**Required work**
The stretch wanted below opens at the line containing "Marble Pillar Design with Modern Finish" and closes at the line containing "MOSQUITO DOWN PEST AND LAWN trademark". Please return it exactly, with no other lines.

**Supplied data**

========================

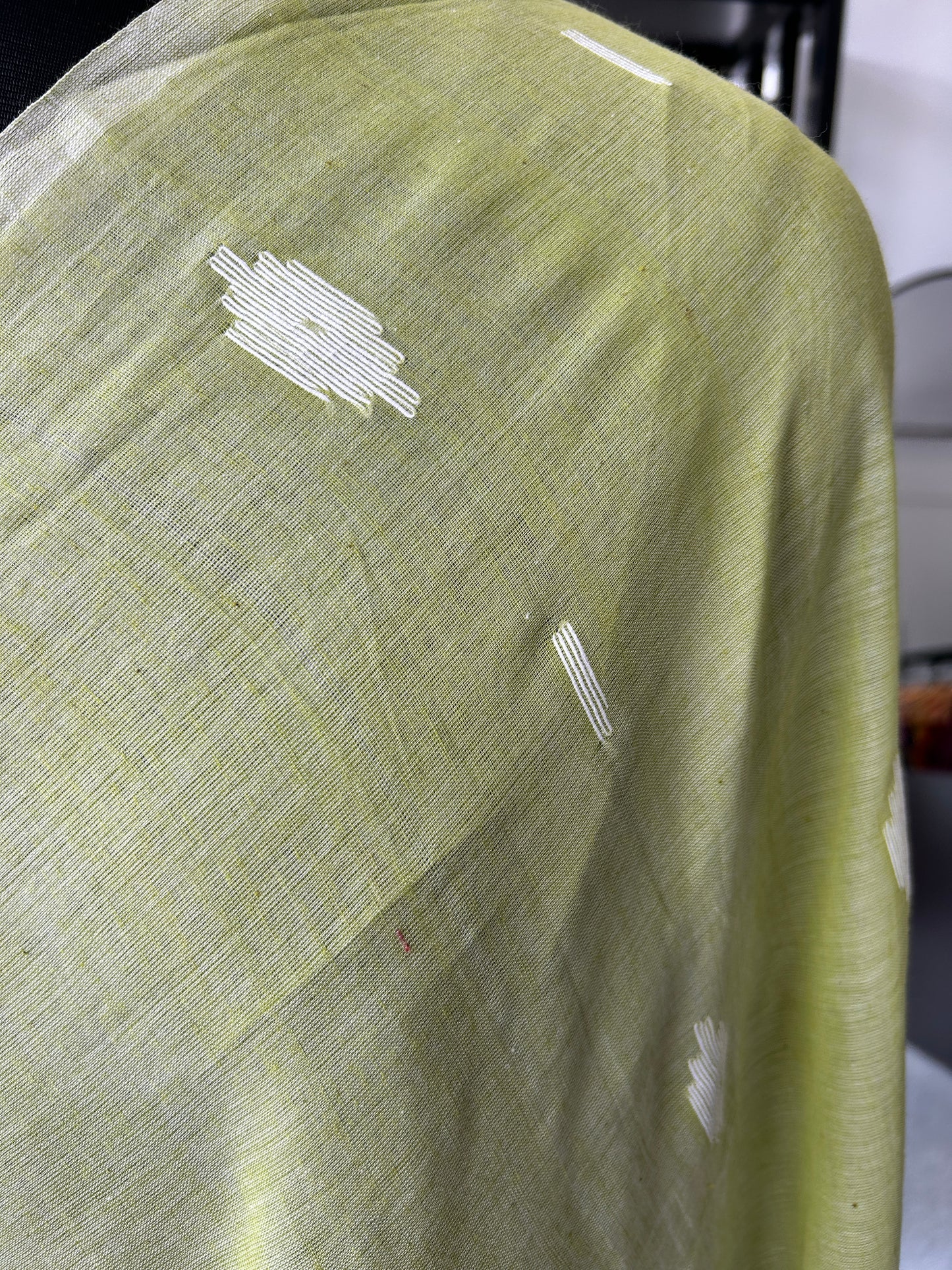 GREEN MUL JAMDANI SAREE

========================

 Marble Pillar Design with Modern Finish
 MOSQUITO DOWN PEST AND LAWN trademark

========================

**Answer for the task**
 Marble Pillar Design with Modern Finish
 MOSQUITO DOWN PEST AND LAWN trademark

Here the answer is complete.